İkinci olarak, ilim öğrenmiş, başkalarına öğretmiş, Kur’ân’ı okuyan biri Yüce Allah’ın huzuruna getirilecektir. Allah, ona da verdiği nimetlerini tek tek anlatacaktır. O da bu nimetleri anlayacak ve kabul edecektir. Yüce Allah ona şöyle soracak: ‘Bu nimetlerin içinde bulunurken, benim için ne yaptın?’ O kişi, şu cevabı verecektir: ‘Senin rızan için ilim öğrendim, Kur’ân’ı okudum ve başkalarına da öğrettim, okuttum.’ Ondan sonra Allah ona şöyle diyecektir: ‘Sen yalan söylüyorsun! Sana âlim, ne güzel okuyor, denilsin diye okudun. İlim öğrenmeyi, Kur’ân’ı okumayı, başkasına öğretmeyi ve okutmayı, riya ve gösteriş için yaptın. Nihâyet senin için bu övgüler de yapıldı.’ Allah’ın emri üzerine bu adam da yüzüstü sürüklenerek Cehenneme atılacaktır.
Üçüncü olarak Allah’ın kendisine zenginlik ve çeşitli mallardan verdiği bir kişi getirilecektir. Allah, bu kişiye de verdiği nimetleri ayrı ayrı anlatacaktır. O da, bu nimetleri bilecek ve hatırlayacaktır. Yüce Allah ona da şu soruyu soracak: ‘Bu nimetlerin arasında bulunduğunda, ne gibi hayırlı işlerde bulundun?’ Kişi şu cevabı verecektir: ‘Senin rızan için, sevdiğin her türlü hayır yollarına harcamada bulundum.’ Allah, onun bu cevabı üzerine söyle diyecek: ‘Sen yalan söylüyorsun! Sana cömert desinler diye bu hayır yollarına harcamada bulundun. Bu yardımları, riya ve gösteriş için yaptın.’ Sonra, Allah’ın emri üzerine bu kişi de yüzüstü sürüklenerek Cehenneme yollanacaktır.”[7]
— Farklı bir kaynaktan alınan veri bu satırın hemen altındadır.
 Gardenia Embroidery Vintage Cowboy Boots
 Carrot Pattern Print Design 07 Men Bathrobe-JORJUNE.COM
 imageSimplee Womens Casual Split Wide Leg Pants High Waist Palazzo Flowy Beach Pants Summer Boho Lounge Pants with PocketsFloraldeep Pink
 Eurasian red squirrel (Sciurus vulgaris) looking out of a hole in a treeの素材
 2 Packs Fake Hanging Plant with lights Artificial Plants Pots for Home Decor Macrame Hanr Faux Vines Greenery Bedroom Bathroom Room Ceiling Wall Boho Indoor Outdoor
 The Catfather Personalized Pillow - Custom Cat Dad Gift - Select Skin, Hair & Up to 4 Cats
İlmi kaynaklarda kaydedildiğine gör tüm peygamberler ve tüm kutsal kitapların ortak ana hedefi, bütün insanların malının, canının, neslinin, inancının, aklının/fikir ve düşüncesinin korunmasıdır.[8] Hz. Muhammed (s.a.v.) de bu değerleri için mücadele eden ve bunları savunanların “şehid” olduklarını söylemiştir.[9] Bu ve benzeri hadislere göre ancak kendi malı, canı, namusu, inancı ve benzeri değerleri uğrunda öldürülen kişiler şehittirler. Ona göre tüm insanların bu değerlerini savunmada canın veren kişiler “şehid” olarak kabul edilebilir. Bunun yanında bu kişilerin Allah inancına sahip olmaları da gerekir. Bu gayelerin dışında ölenleri “şehid” olarak kabul etmek doğru değildir. Çünkü İslâm’da her konuda ölçü Kur’ân ve sünnet, gaye Allah’ın rızası olduğuna göre, “şehid” olmada da ölçü Allah’ın rızasıdır.
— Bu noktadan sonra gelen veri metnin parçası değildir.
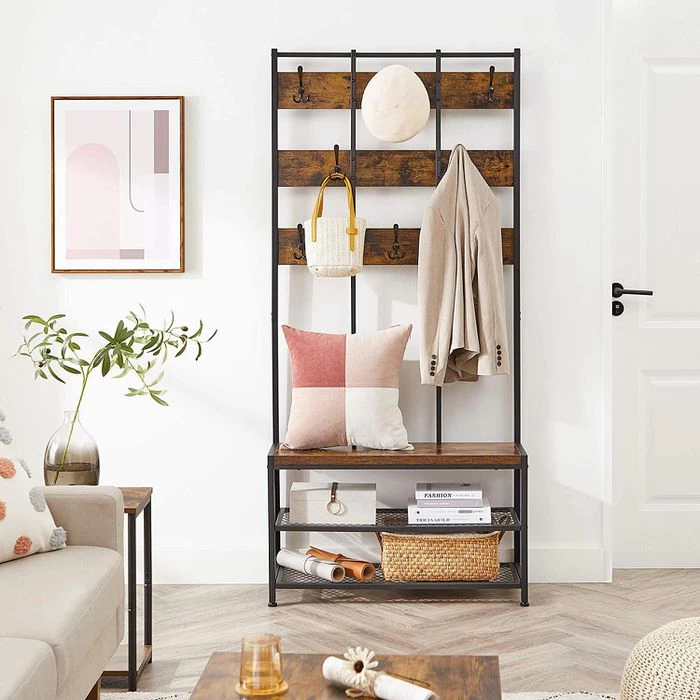 Vasagle Garderobenständer HSR087B01, Vintage, Mit 16 Haken, Metall / Holz, Schwarz / Braun 4 Vasagle Garderobenständer HSR087B01, Vintage, Mit 16 Haken, Metall / Holz, Schwarz / Braun – Bild 4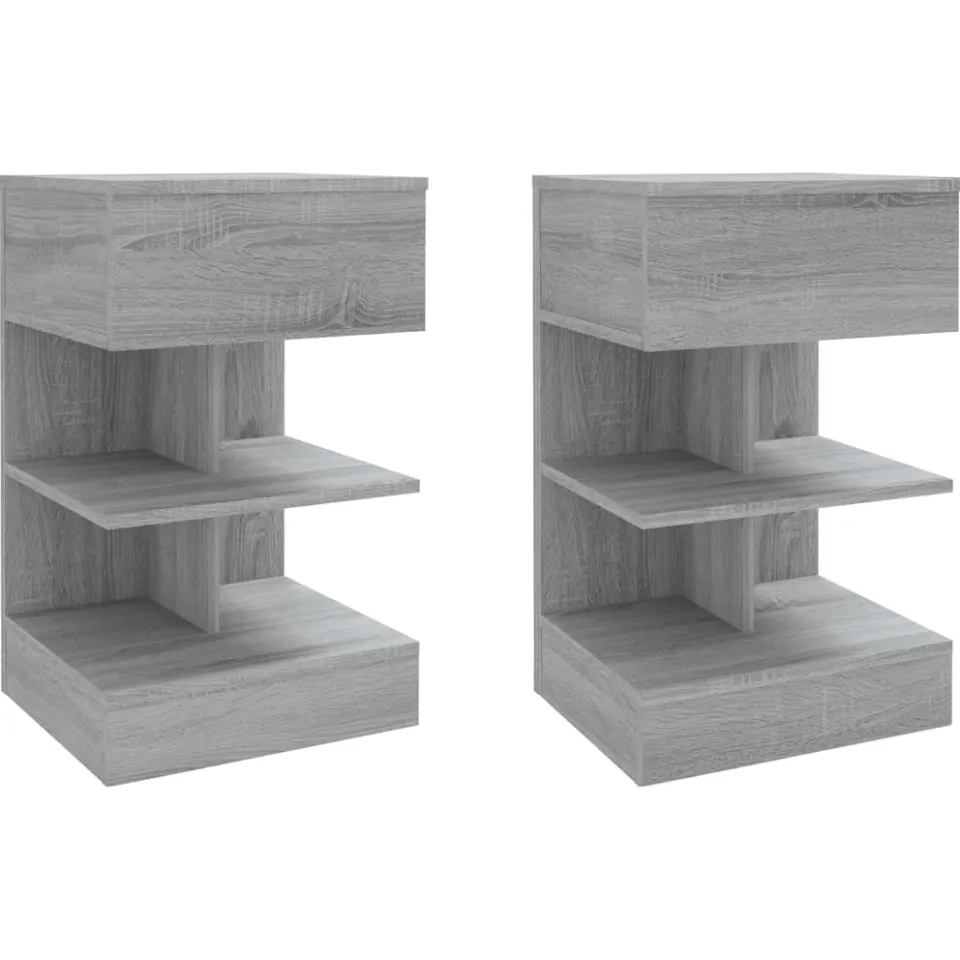 vidaXL Nachtkastjes 2 st 40x35x65 cm bewerkt hout grijs sonoma eiken, foto 3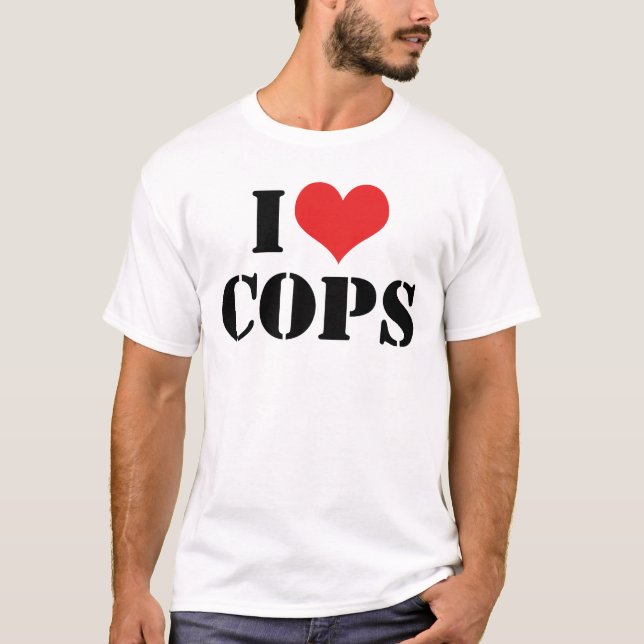 T-shirts Eu Amo Policiais (Frente)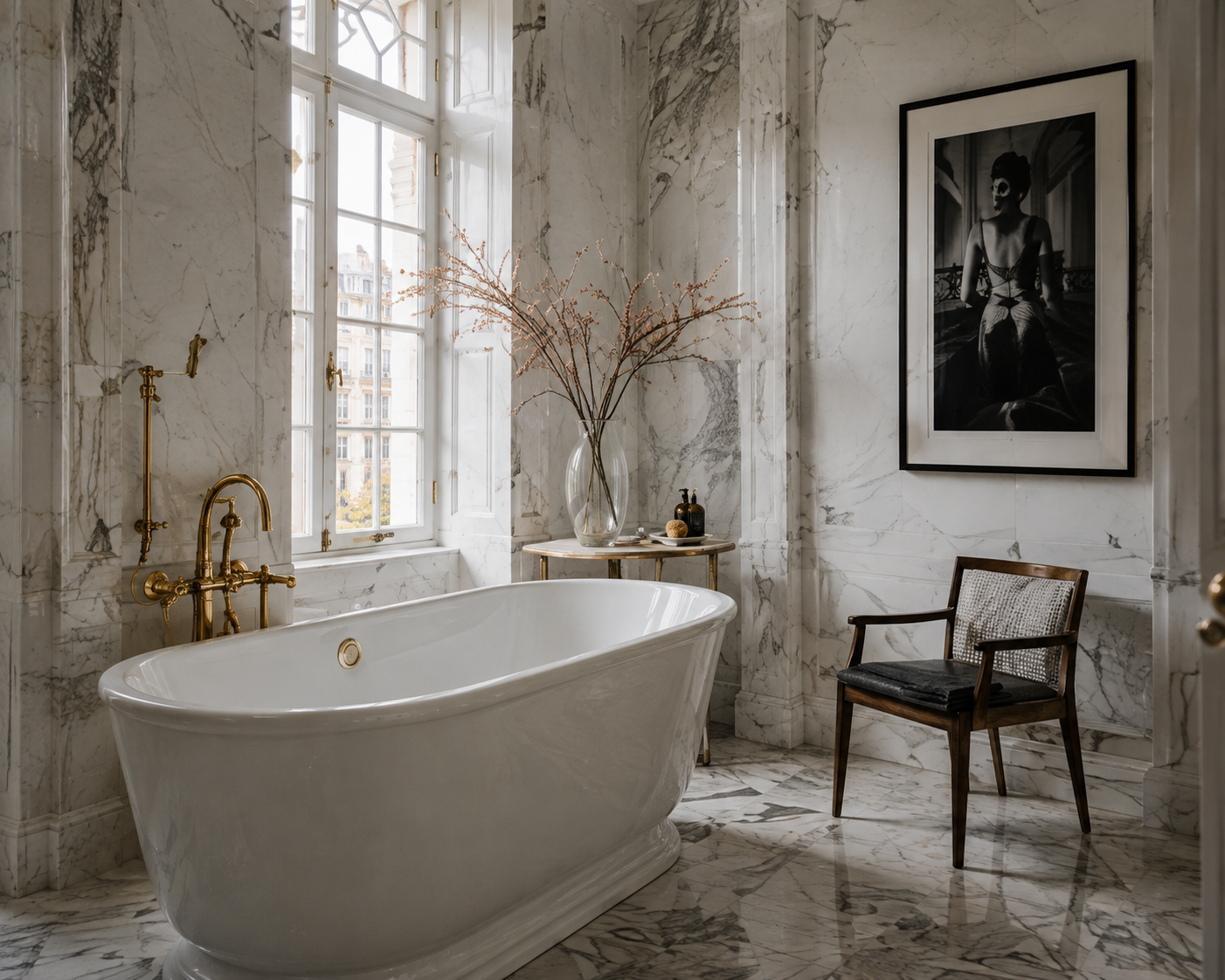 Marble bathroom with freestanding tub, brass fixtures, tall windows, flowering branches, and framed photography.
Bunun yanında bazı hadislerde yanarak ölen, suda boğulan, göçük, çığ, toprak veya bina altında kalan, veba gibi salgın hastalıklardan vefat eden ve benzeri bazı kişilerin de “şehid” sevabına nail olacakları haber verilmektedir.[10]
Herkes kendine göre şehitlikten bahsetmektedir. Unutmayın! Ancak Hz. Muhammed’in (s.a.v.) dediği gibi, kendi malını, canını, namusunu, inancını ve benzeri değerlerini savunmada ölenler şehittir. Bu tür insanlar, kendi kutsal değerlerini savunmak için mücadele ettikleri gibi, Allah rızası için tüm insanların tabii değerlerini savunmada bulunmakta, toplumsal uzlaşı ve barışı sağlamayı hedeflemektedirler. Allah rızası için bu mücadelede bulunurken de canlarını vermektedirler.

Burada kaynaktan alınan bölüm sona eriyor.